Ganze Familien wohnen auf den Sampanen; ihr ganzer Hausrath besteht aus einigen Bastmatten,
Kesseln, einem kleinen Götzenbilde und einer Hängematte für das Neugeborene.
Dieses mongoloïde Volk, in dessen Adern viel indomalaiisches Blut rollt, büsste beim Eindringen
der Weissen nicht sofort seine Unabhängigkeit ein, sondern kämpfte noch eine Zeit lang.
Ueber ein halbes Jahr lang vertheidigten die Eingeborenen jeden Fuss breit Landes in der Nähe
des Meeres, ja sie gingen sogar einigemal muthig zum Angriff über und schlugen sich recht
tapfer. Sie legten handgreifliches Zeugniss dafür ab, dass sie es lieber mit der schlechten einheimischen
Regierung als mit den gewandten und gerechten Fremden halten wollten. So ist der
Geist der Völker im allgemeinen selbst angesichts der drückendsten Verwaltungsverhältnisse geneigt,
die nationale Individualität festzuhalten und kein fremdes Joch, sei es noch so leicht, zu ertragen.
. . . Fünf Uhr. Vor unsern Blicken zeichnen sich die Gebäude von Saigon deutlicher ab.
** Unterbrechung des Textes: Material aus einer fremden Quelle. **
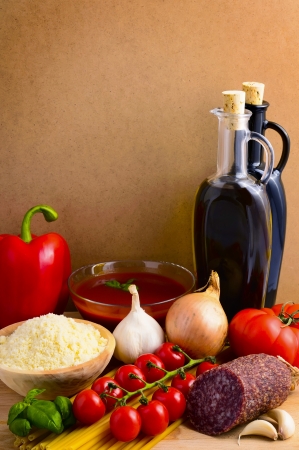 still life concept with italian foodの写真素材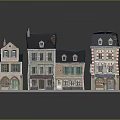 Residential Building Models with Various Colors Sloped Roofs Arched Doors and Colorful Facades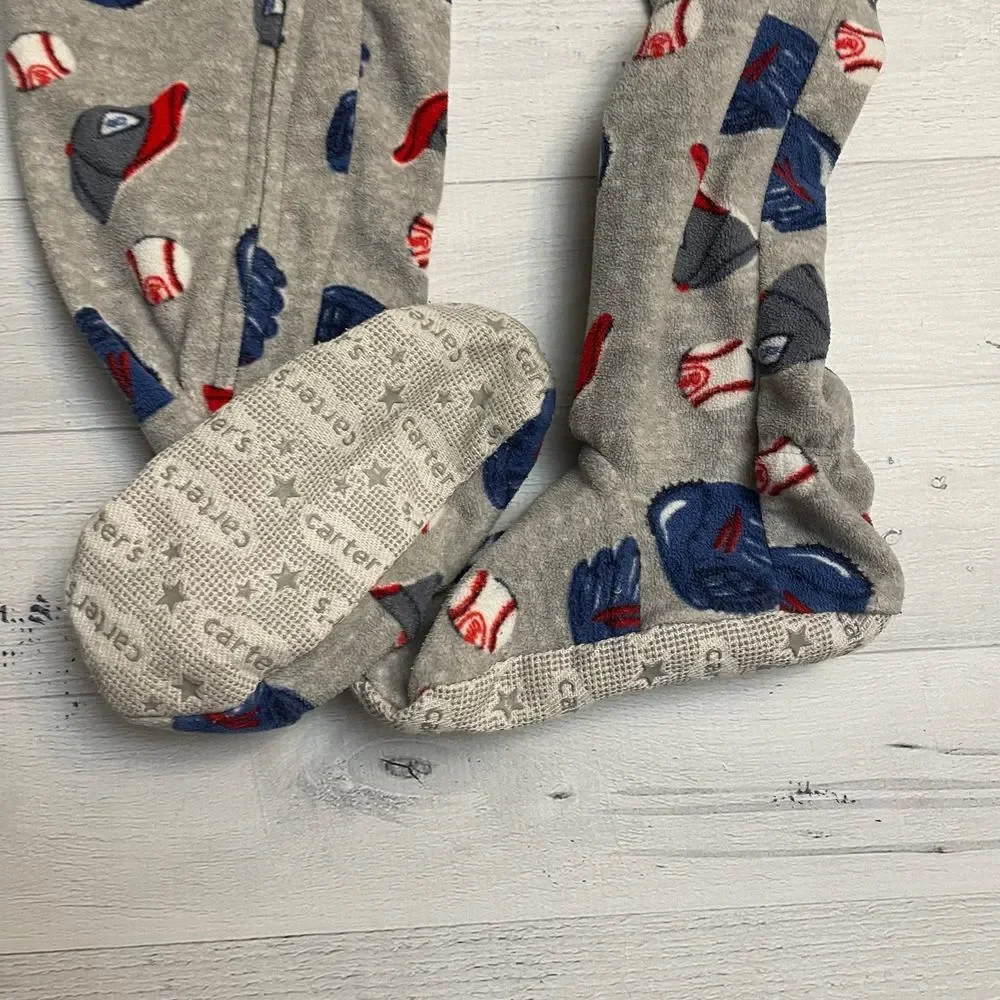 Carters fleece one piece footed baseball pajamas 5t‎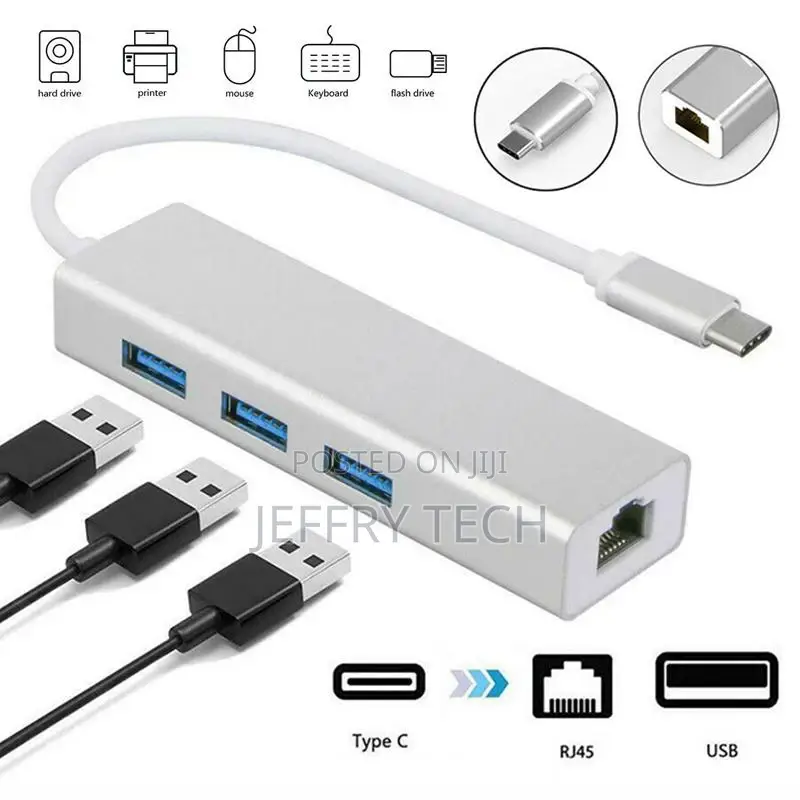 4 in 1 Type C USB 3.0 Hub to RJ45 Socket Ethernet LAN Networ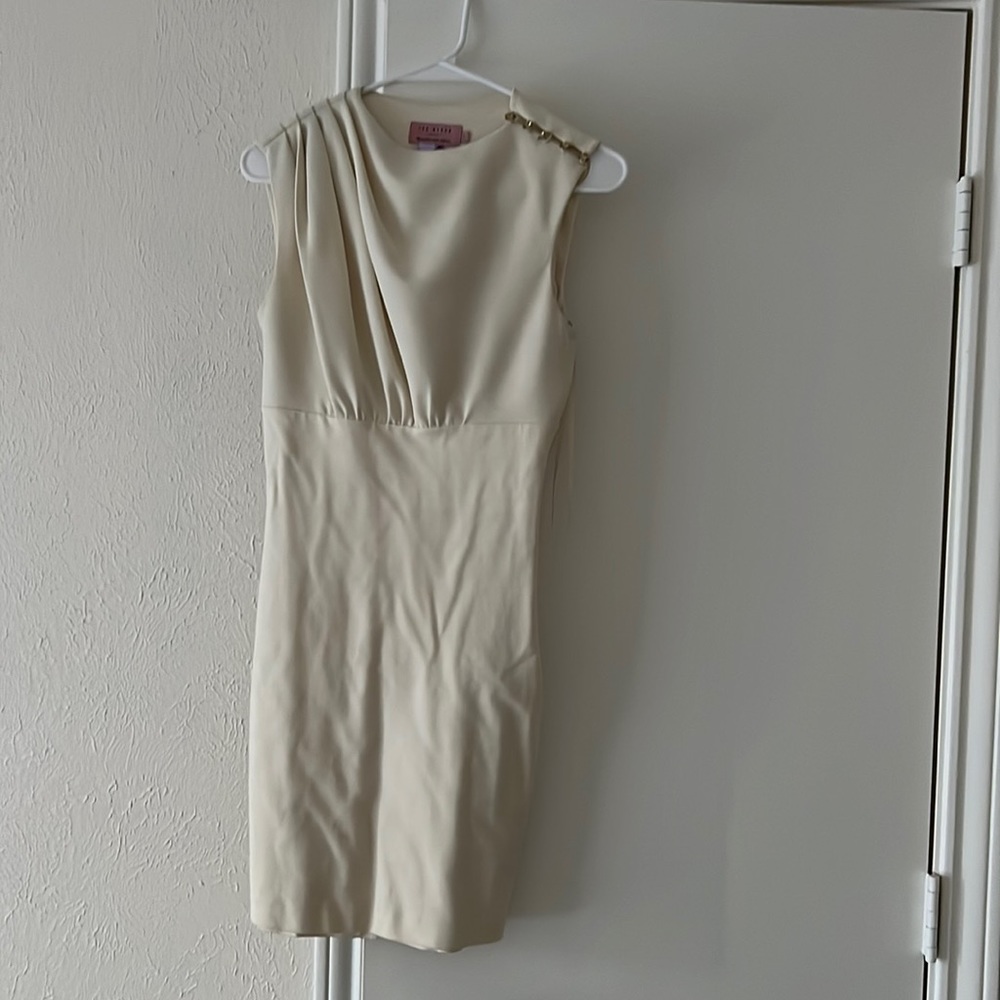 Ted Baker London Asymmetrical neckline cream dress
Ueber den in Grün schwimmenden Rasendächern spiegelt sich der in Wölkchen gehüllte Himmel
in blassem Türkisblau.
Weiss angestrichene Kanonenboote donnern ihre Salutschüsse. Hinter denselben zur Linken
wird der decorirte Hafen sichtbar, sowie die das Ufer überschwemmenden Menschenhaufen. Die
Klänge der russischen Hymne vermischen sich mit der unsererseits als Antwort entgegenschallenden
Marseillaise. Der Grossfürst-Thronfolger grüsst militärisch in dem Augenblicke, als unsere
Schiffe der französischen Flotte zu Ehren ihre Geschütze erdröhnen lassen.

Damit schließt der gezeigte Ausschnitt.